28 March 2024 | By: Newcastle University | 4 min read

As you enter the city and approach the Newcastle University campus on Claremont Road, the progressing redevelopment of the landmark Stephenson Building is visible on the horizon. 

Some aspects of the scheme’s sustainable design are clear to see. Others are more subtle.

Explore four ways we have brought sustainable design to the Stephenson Building: top to bottom, inside and out.

 

Contents

  1. Sustainable by design, at each step
  2. Remove and rebuild, retain and refresh
  3. Roof structure, panels and flood prevention
  4. Biofuel energy for decarbonisation
  5. Trees protected, recycled and planted
  6. Now, next and stepping into the Stephenson Building

Sustainable by design, at each step

The design of the redeveloped Stephenson Building started with people, potential, and a sense of place.

Sustainable by design and now in practice, the Stephenson Building at Claremont Road was conceived as a place where the engineering community would come together now and in the future.

From conception, the project has been a jigsaw piece of a much larger, purposeful puzzle.

We continuously work towards achieving the United Nations Sustainability Development Goals (UN SDGs). We were ranked in the top 100 in the world for sustainable development in the Times Higher Education Impact Rankings 2024. Our commitment to sustainable infrastructure, thinking and development at Newcastle University is consistent and long-term.

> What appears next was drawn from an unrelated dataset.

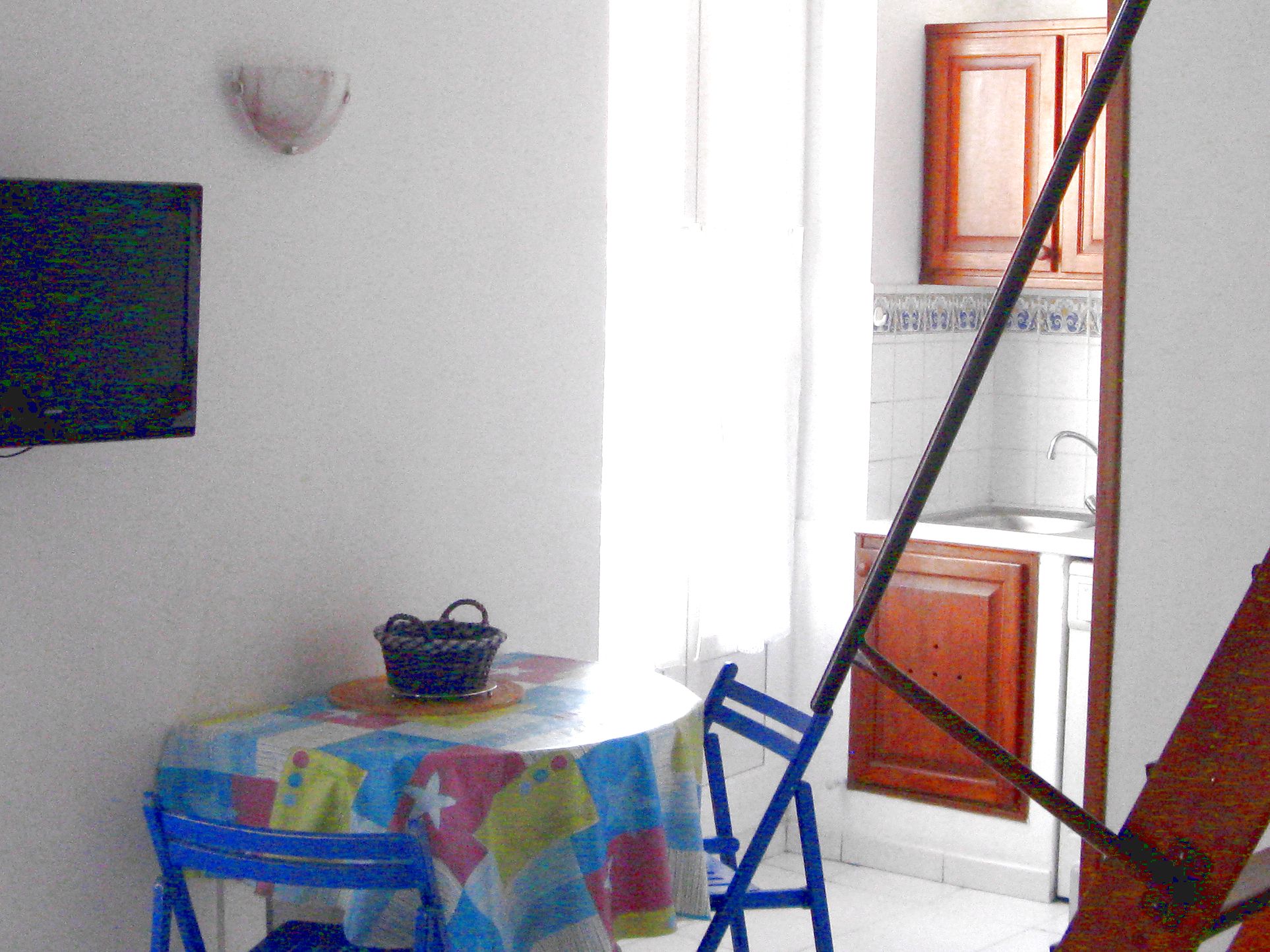 Anemone, Cassis - photo 9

Now in the final stages of the redevelopment, the building is taking shape as a hub of discovery and discussion where students, academics and industry meet. Inside, the main labs are open. These education and research facilities are where world-leading teams tackle global issues, including decarbonisation.

 

Labs and teaching facilities in the Stephenson building

Phase 1 of the Stephenson redevelopment opened to staff and students in September 2023. The building's world-leading engineering facilities include AI and robotics labs, biomedical labs, a mechanical workshop and a makerspace.

 

To reach this point, we worked with architects NORR to develop a sustainability assessment, guiding every step, from research, design, and material selection, and looking forward to future carbon impact.

Plotting the path of sustainable design to work in practice, is a bespoke one-click Life Cycle Assessment (LCA) software tool. The software live tracks the project’s embodied carbon, visibly moving the needle toward more sustainable choices.

Let's explore four ways we've brought sustainable design to the Stephenson Building.

 

Remove and rebuild, retain and refresh

The strategy to transform this landmark building built in the 1950s into a hub for the future of engineering is part remove and rebuild, part retain and refresh.

The rear of the original building has been removed and rebuilt. The new 5-storey building is being built on the same footprint but doubling inside space to 198,000 square feet.

With the additional square footage, the building can serve all facets of our university engineering community.

It’s a home of collaboration with hubs for digital manufacturing, sustainable propulsion, and biomedical engineering. A heart of engineering innovation in Newcastle.

Refurbishment and modernisation of the original front is in progress.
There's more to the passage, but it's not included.